If Beale Street Could Talk is a 1974 novel by American writer James Baldwin. His fifth novel (and 13th book overall), it is a love story set in Harlem, New York City, in the early 1970s. The title is a reference to the 1916 W. C. Handy blues song "Beale Street Blues", named after Beale Street in Downtown Memphis, Tennessee.

A film adaptation was released in 2018.

==Summary==
The novel follows a relationship between a 19-year-old girl named Tish, whose given name is Clementine Rivers, and a 22-year-old sculptor named Fonny, whose given name is Alonzo Hunt. They grew up in the same neighborhood in New York City and are childhood friends. They fall in love and become engaged. The story takes place after Fonny has been accused of raping a woman, and arrested and jailed awaiting his trial. Tish learns that she is pregnant after Fonny is incarcerated and must rely on her and Fonny's family for support.

If Beale Street Could Talk is the first Baldwin novel to focus exclusively on a Black love story; it is also the only novel in his corpus narrated by a woman. Published at the tail end of the Black Arts Movement, it explores love within Black life, centering on the emotional bonds holding two African-American families together.

==Critical reception==
Reviewing the novel in The New York Times in 1974, the novelist Joyce Carol Oates described If Beale Street Could Talk as "a moving, painful story" but "ultimately optimistic. It stresses the communal bond between members of an oppressed minority, especially between members of a family," offering,
a quite moving and very traditional celebration of love. It affirms not only love between a man and a woman, but love of a type that is dealt with only rarely in contemporary fiction--that between members of a family, which may involve extremes of sacrifice.

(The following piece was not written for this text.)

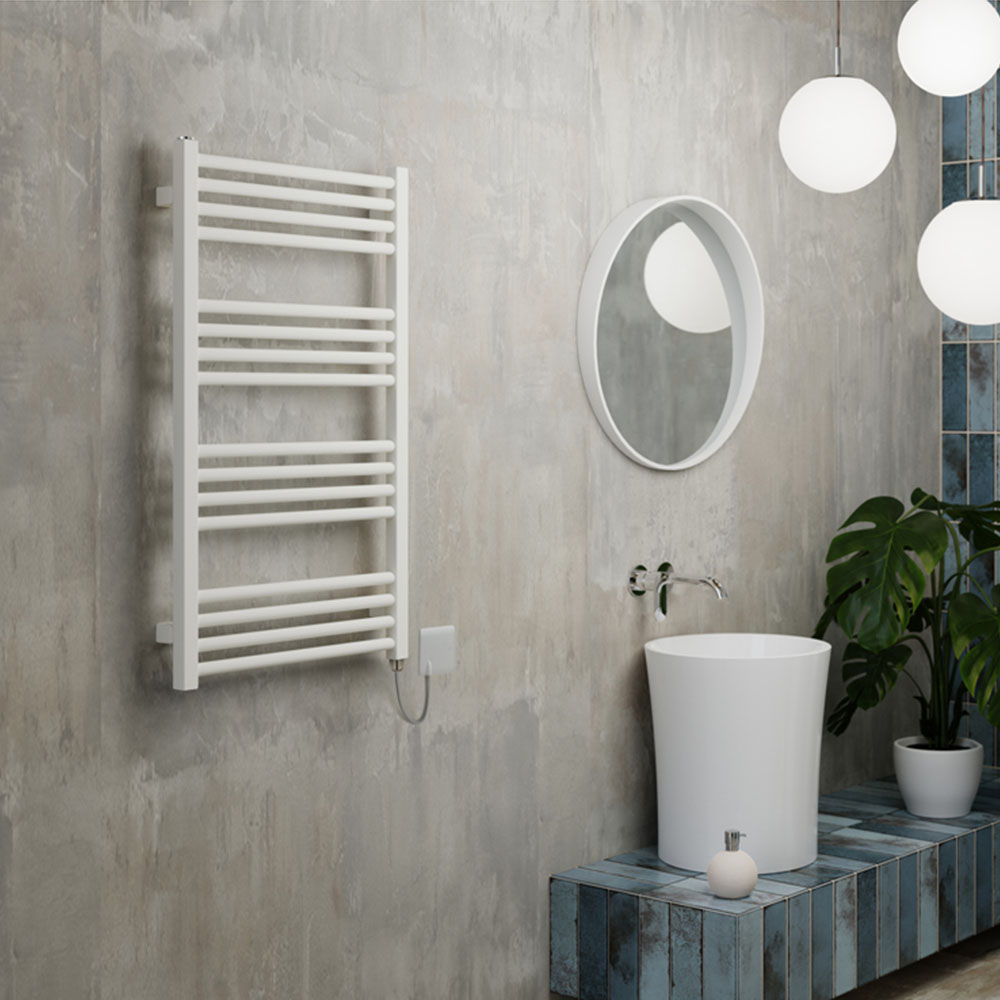 Terma Fiona E Soft Matt White Electric Towel Rail 900 x 500mm Image 2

Anatole Broyard, also writing for The New York Times, was less sanguine. Deeming the novel a "sentimental love story", he writes,
I get the feeling that Mr. Baldwin doesn't worry overmuch about the authenticity of his books. He knows that, with all his faults, a sizable proportion of the American public will love him still. He is a brand name by now. In fact, he is so dated—I think even Richard Wright is more contemporary—that he might even qualify for our current nostalgia craze. An urbanized "Perils of Pauline," his book could make it equally well as a "gothic" novel, sending thrills of synthetic terror down the spine of that legendary old lady in Dubuque.

In 2015, Stacia L. Brown, writing in Gawker, similarly found Beale Street "belong[ed] to a collection of literature that seeks to humanize black men, through their relationships with parents, lovers, siblings, and children. It swan-dives from optimism to bleakness and rises from the ash of dashed hopes."

When Baldwin spoke to Hugh Hebert of The Guardian upon the release of Beale Street in 1974, he said about his work: "Every poet is an optimist... But on the way to that optimism 'you have to reach a certain level of despair to deal with your life at all.